Ostatnie pożegnanie Wodeckiego obyło się w Krakowie, a rozpoczęło mszą za zmarłego w kościele mariackim. Padły na niej wzruszające słowa o Wodeckim, jego talencie i miłości do muzyki. Wygłaszający kazanie ksiądz powiedział, że teraz Zbigniew Wodecki odszedł do Boga odebrać najważniejszą nagrodę. W czasie pożegnania muzyka odczytany został, przez pracownika prezydenckiej kancelarii Wojciech kolarskiego, list od prezydenta Andrzeja Dudy. Prezydent napisał w nim: - Z wielkim żalem przyjąłem wiadomość o śmierci Zbigniewa Wodeckiego – wybitnego wokalisty, instrumentalisty i kompozytora, który przez całe życie zapraszał nas do świata swoich niepowtarzalnych dźwięków. (...) Na Jego piosenkach wychowały się pokolenia. Polacy nucili niezapomniane melodie, zachwycali się znakomitymi interpretacjami. To były prawdziwe przeboje - podkreślał prezydent.

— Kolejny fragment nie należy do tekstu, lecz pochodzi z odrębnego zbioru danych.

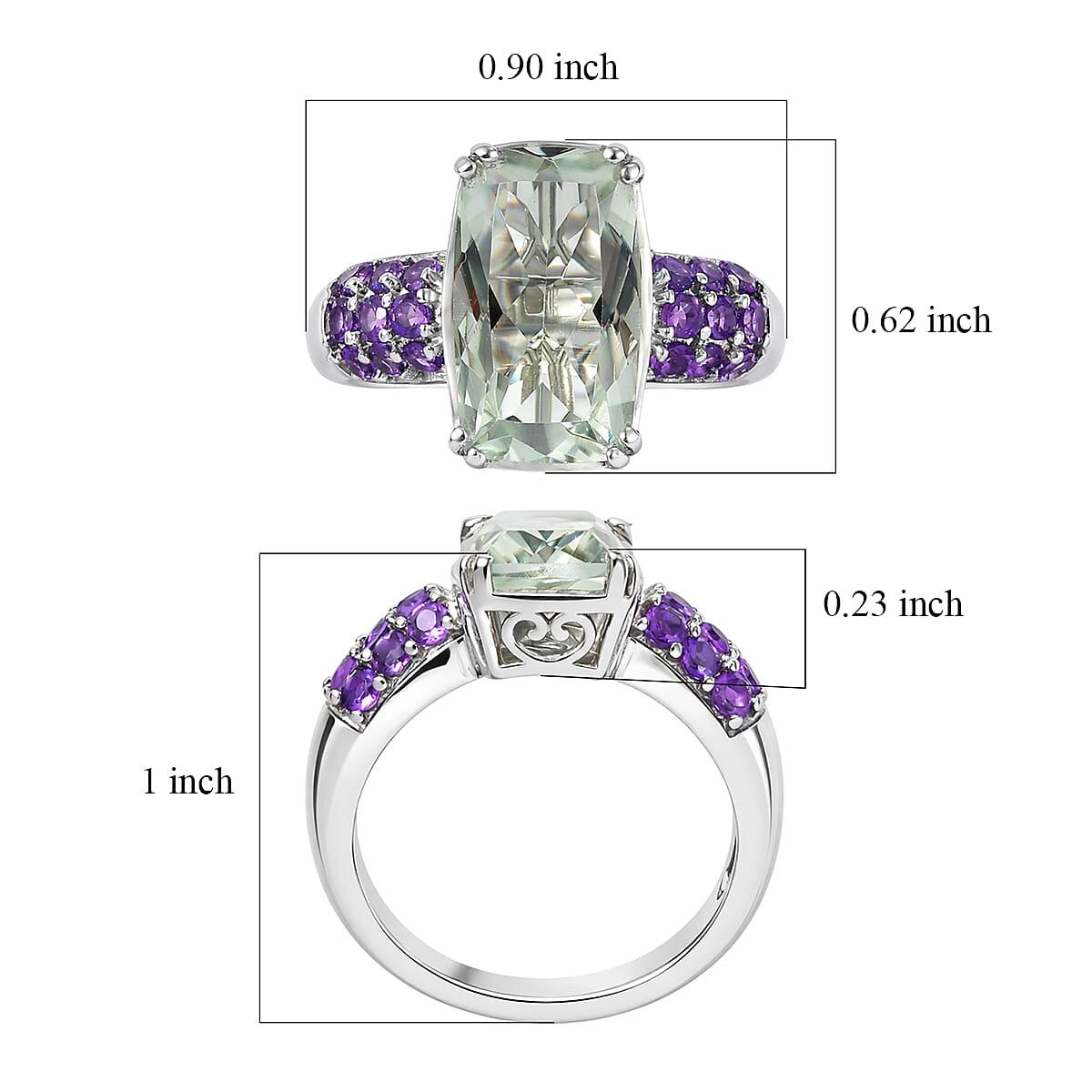 D'Joy Montezuma Prasiolite and African Amethyst 5.35 ctw Ring in Platinum Over Sterling Silver (Size 6.0) image number 5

Zbigniew Wodecki także odznaczony przez Andrzeja Dudę Krzyżem Oficerskim Orderu Odrodzenia Polski za zasługi dla rozwoju polskiej kultury. O pośmiertnym uhonorowaniu piosenkarza i muzyka powiadomiła na Twitterze Kancelaria Prezydenta.
Za wybitne zasługi dla rozwoju PL kultury #PAD uhonorował pośmiertnie Zbigniewa Wodeckiego Krzyżem Oficerskim Orderu Odrodzenia Polski.